Close

Walka o mistrzostwo zaczyna się od nowa – podsumowanie 6. kolejki PFL1

Na dwie kolejki przed końcem sezonu zasadniczego Pierwszej Dywizji Polskiej Futbol Ligi w grupie południowej sytuacja wciąż jest nierozstrzygnięta. Wszystkie cztery zespoły nadal mają szansę zająć dwa pierwsze miejsca premiowane awansem do fazy play-offs. Wszystko za sprawą meczu Falcons pod Wawelem, gdzie w rewanżowym meczu nie udało się ponownie pokonać Kraków Kings, choć walka trwała dosłownie do ostatnich sekund spotkania.

Mecz nie rozpoczął się dla Sokołów dobrze. Jeden drive, w którym brylował Jan Szwej oraz kopnięcie field goala dało Królom dziesięć punktów, które przez kolejne kwarty Falcons starało się odrobić. Defensywa tyszan ponownie wzniosła się na wyżyny swoich umiejętności, nie pozwalając już Kings zdobyć ani jednego punktu.

Natomiast ofensywa Falcons postawiła wszystko na jedną kartę. Żelazna linia ofensywna skutecznie broniła rozgrywającego, Christophera Fowlera, który dzięki temu miał dużo czasu na analizę sytuacji na boisku. Raz za razem, czy to runninback, czy skrzydłowi Sokołów przesuwali znaczniki, niejednokrotnie przechodząc w drive’ie około osiemdziesiąt yardów. Ataki Falcons były zatrzymywane dopiero pod królewskim polem punkotwym, które w tym dniu było jak zaczarowane.

Dopiero w ostatniej kwarcie, po przechwycie Dawida Biesiadeckiego, samotny taniec Christophera Fowlera dało punkty Falcons, które ze zdwojoną siłą ruszyło do ostatniego ataku. Gdy kolejny drive Kings planowali zakończyć field goalem, niesiony jak na skrzydłach Wojciech Simka zablokował kopnięcie. Sokoły starały się jeszcze doprowadzić do remisu i dogrywki w ostatnich sekundach meczu, jednak kopnięcie Krystiana Kowalczyka także zostało zatrzymane.

W meczu z Kings atak pokazał, że zaczyna się zgrywać z QB i  wyglądaliśmy lepiej niż w poprzednich spotkaniach. Parokrotnie ofensywa pokonała prawie całe boisko, ale niestety brakło wykończenia — relacjonuje na gorąco trener linii ofensywnej, Aksel Kocyła. — Następny mecz z Mets będzie bardzo ważny, ponieważ naszym celem jest awans z pierwszego miejsca. Dlatego zrobimy wszystko, aby wygrać to spotkanie.

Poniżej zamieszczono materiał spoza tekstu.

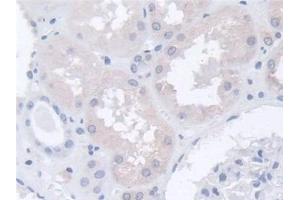 Immunohistochemistry (IHC) image for anti-Actin Related Protein 2/3 Complex, Subunit 2, 34kDa (ARPC2) (AA 1-300) antibody (ABIN7441580)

Cała Pierwsza Dywizja ma dwa tygodnie by obmyśleć plany działania na dwa ostatnie mecze w sezonie zasadniczym. Kolejne spotkanie dla Falcons to bój z Warsaw Mets. Sokoły będą podejmować gości z Warszawy na swoim boisku w sobotę, trzeciego czerwca o godzinie trzynastej. Już teraz zapraszamy serdecznie na to spotkanie!